My belief is that we need to focus on the timing of the COD assessment, rather than the timing component of the COD. At any given point that we assess it, we are effectively assessing it “based on today’s urgency”.
At this point, we can leverage Josh’s great work with urgency profiles Each urgency profile takes the form of a graph, and the graphs tend to have inflection points representing moments (timing) when the value goes through significant change.
This is what I would do:
- When first assessing COD for an item (be it an Epic or a Feature), first assign an "Urgency Profile" to it and make explicit the dates believed to be associated with the inflection points.
- Eliminate the time criticality component of the COD formula.
- Separate the User and Business Value components. Most implementations I work with tend to do this, defining "Customer value" and "Business Value" to separate considerations of customer loyalty from hard-nosed underlying business.
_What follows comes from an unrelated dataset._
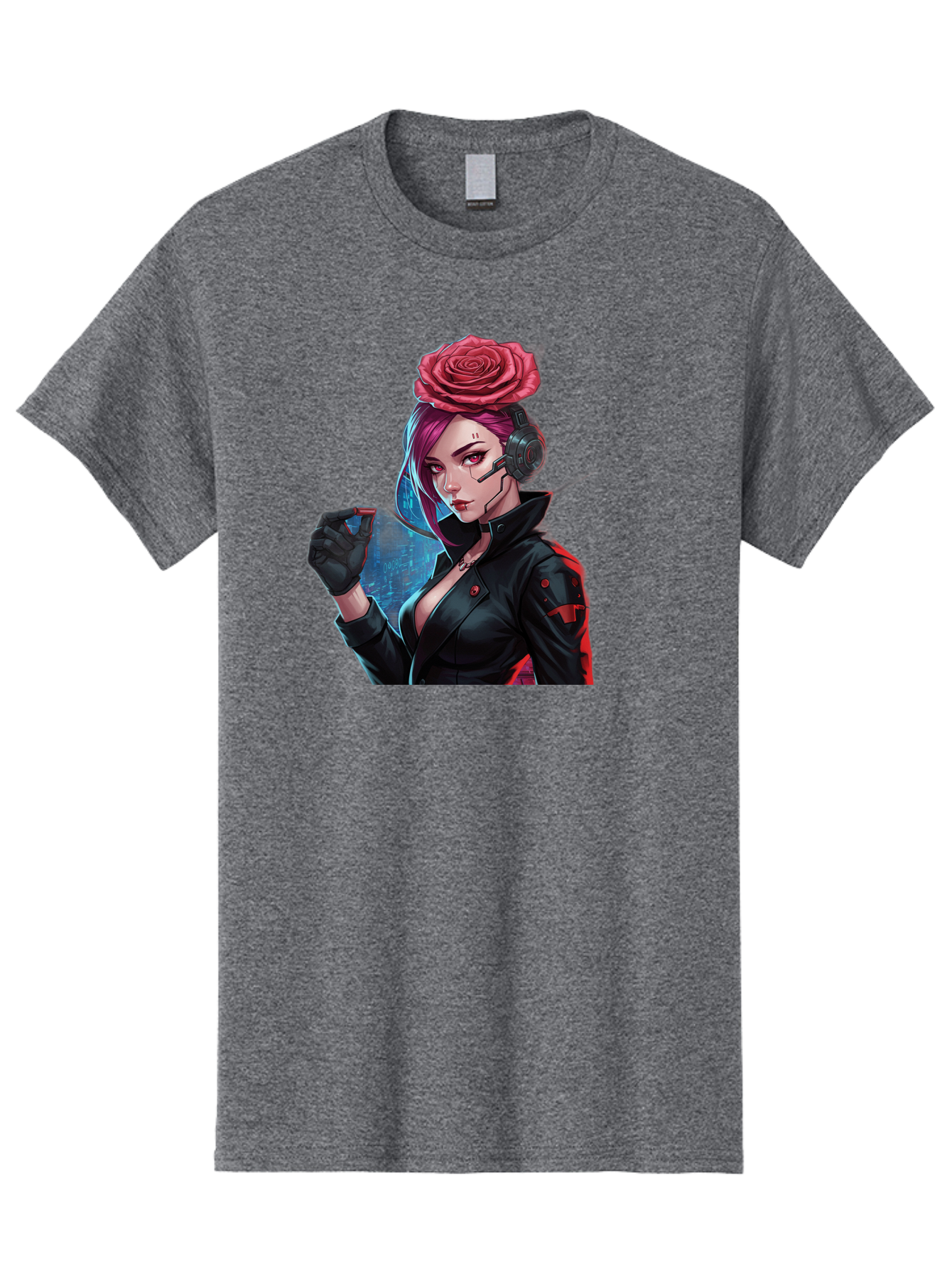 Rose-Girl Men'S Graphic Tee, 100% Cotton, Comfortable Casual Summer Wear, Machine Washable, Pink Hair, Red Rose, Black Leather Jacket, Cyberpunk Style, Futuristic Fashion, Gaming Character, League Of Legends, Esports, K/Da Akali Bac378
This would also open the door to more easily introducing quantification (with relative values based on dollar value brackets perhaps).
- Make explicit in the guidance the fact that when applying the Proxy to your organisation you need to consider the relative weighting of the proxy components.
- When assessing the Customer, Business and Risk Reduction/Opportunity Enablement values, do so in light of "today's urgency"
- Based on the identified inflection points on the urgency profile, flag the date when the COD of the item needs to be re-assessed.
- It ensures we have a systematic (and meaningful) approach to considering time sensitivity and its impact on COD without suffering from the flaws of the current world
- It establishes a rhythm for re-assessment, sadly lacking for most current implementations of the SAFe COD model which tend to be "set and forget".